Sarah Schafer | 15 comments Mod
1) How have you impacted students or colleagues with your words and actions?

2) How do you protect yourself from getting sucked into someone else's negative message?

3) In what ways have you shown love or resilience in the midst of anger or hurt?

4) Why is it difficult to release and "put the bat in their hands?"

5) How have you first hand felt the power of being noticed? How did it change you?

message 2: by Linda (new)

Linda Davis | 9 comments I avoid negative people and their messages. If I hear a negative conversation and cannot think of an honest positive statement to insert in the conversation, I excuse myself and leave.
Once in a blue moon by a parent, sometimes the one least suspected of doing such a thing, I have felt the power of being noticed. Once a parent did a big thing, but a few times parents have said just the fewest perfect words. Sometimes a peer notices and if that happens, I never forget it.
Happy Tuesday!

message 3: by Kelly (new)

Kelly Shissler | 8 comments 2) How do you protect yourself from getting sucked into someone else's negative message?

Oh, this is a tricky question, one that has such an easy answer such as "don't entertain and add to the negativity". But often, in our flesh, it can be a slippery slope to join in or add to it. This takes such a conscious effort to be aware of someone else's negative message and if I'm going to join the band wagon or not. My problems/complaints might not be someone else's. If we choose to voice our complaints, then we've got to bring along side possible solutions. (Talking to myself, of course!) "Complaining kills the mood, it drags others down, and most of all it pushes others away. "

What if we focused on what we CAN control? What if we spent more time building up than tearing down? What if we sought out solutions instead of complaining?

Our upcoming year will bring on some new challenges. We are going to all start our day earlier, kids in our room earlier, possible expectant tardies, and of course unexpected challenges that we won't yet know ahead of time. How are we together going to face them. Well, after reading this, we are encouraged to prepare for solutions and send a message that is "positive, student-centered and full of growth, learning and awesomeness."

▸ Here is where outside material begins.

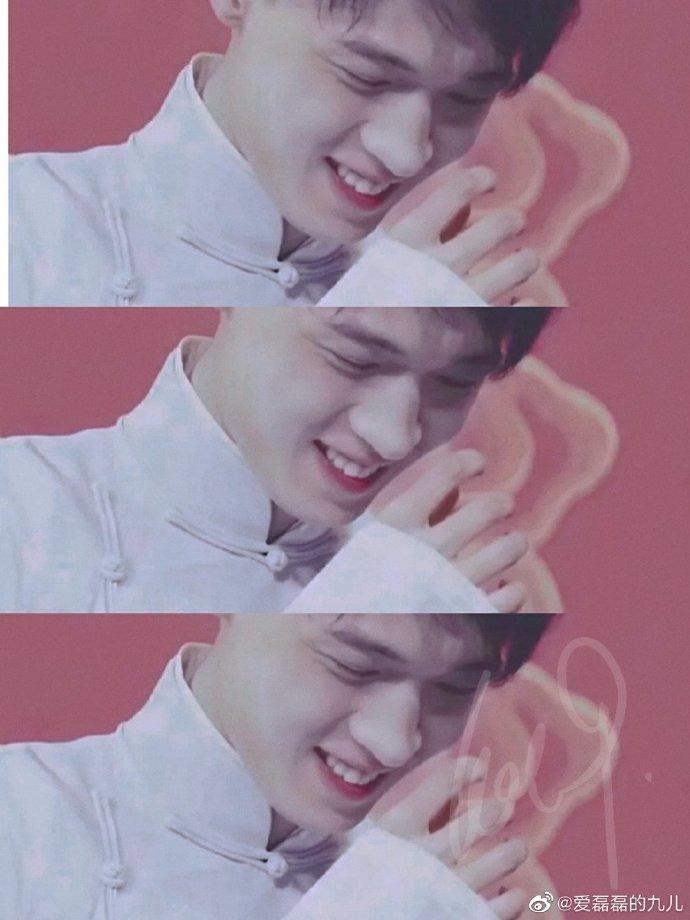 老秦（爱啦！）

Blessed Tuesday my friends!!

message 4: by Wendy (new)

Wendy | 2 comments 2)I loved this section of the book! I know that sometimes it is so hard to be positive, but I am a true believer that positivity brings about positive changes. I think people need to be able to be heard and voice their concerns but it is crucial as peers to direct people towards solutions. Hanging out in a negative thought process will not promote change or improvement of any situation. Also, our students can easily pick up on this negativity and it can be contagious. Teaching students to be more positive is a invaluable life skill!!!
BTW, I am loving this book!!
I hope everyone is enjoying their summers!!
Wendy G.

message 5: by Katrin (new)

Katrin | 6 comments 1) I loved Chapter 10, Everyone Needs a Cheerleader. I think that this is one of the most important lessons I have learned as a teacher. Throughout my years of teaching, there have been students that had no one that believed in them, therefore, they didn't believe in themselves. Telling students they can do it, and not giving up on them will directly impact their lives. I get letters from students who are in high school or beyond still to this day that say things like you're my favorite teacher, thank you for helping and believing in me, or without you I never would have graduated high school. Those words mean so much to me. Sometimes I didn't even realize in that moment the impact I was making. But those words again show the importance of encouraging students even when they are struggling with something and telling them that even if it is hard, they can still do it. I think by doing that, when they are long gone from your classroom, they will hopefully still remember your message and encouragement.
2) "What if we focused on what we could control? What if we looked for solutions instead of complaining about what's wrong?" Those are important questions to think about to prevent yourself from getting sucked into someone else's negative message and that might help that person turn their message into something positive.
3) I think sometimes it's difficult to "put the bat in their hands" because it might be new to us as educators or it is changing the norm of the classroom to a place where more risks are being taken, which can sometimes lead to failures. I do think it is important to not limit students because "we need to see what they can do instead of assuming what they can't." Students often times will prove their doubters wrong when given the opportunity to shine.

message 6: by Dina (new)

Dina | 7 comments This section of the book spoke loudly in so many ways. I wanted to reiterate something Wendy posted earlier:

I agree with her that positivity can bring about positive changes. We saw that this year as we worked "united" to bring our school grade up. And, we did it!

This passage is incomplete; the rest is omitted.